Notwithstanding this, as Robert A. Stebbins points out in his book “
Amateurs, Professionals, and Serious Leisure” (1992), more and more people go to work nowadays in order to gain the necessary money to fulfill their leisure hobbies. Simply put, work has become more and more instrumental to maintaining one’s hobbies and passions. This indirect report would be only the introductory remark to the “serious” aspects of a leisure activity. The other point is that the activity of music collecting presupposes a series of acts which go beyond the mere features of “enjoyment” or “relaxation”. A collection requires the research for and gathering of information about the items which are collected, as this information is vital for the value of the collection, artistic or financial.
Any music collector will have their own places to go and look for music: flea markets, music stores, other music collectors, websites, etc. These places will become the cultural depositories for these researchers of music. As a collection grows and it encompasses more and more items, the collector will need to come up with a system of classification, with the purpose of putting those items in a certain order.

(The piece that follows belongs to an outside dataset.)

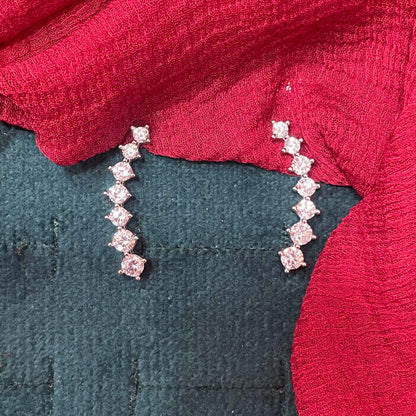 92.5 silver classy white stone earcuffs pair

Most collectors use the alphabetical system, which is the most convenient and the simplest method. Others, however, will also arrange their stacks of heavy vinyl records or their digital files according to genres and subgenres, or according to geographical origins of the music in their collection. Even though it is a very personal activity, music collecting can soon take on the responsibilities of an institutional cultural operation, with the same seriousness in approach as that provided by a university library. Thus, it comes as no surprise that the act of music collecting can feature all the aspects of a “serious leisure”, not only due to the importance attributed to it by its purveyors, but also because of the methodological approach which music collectors can develop over time.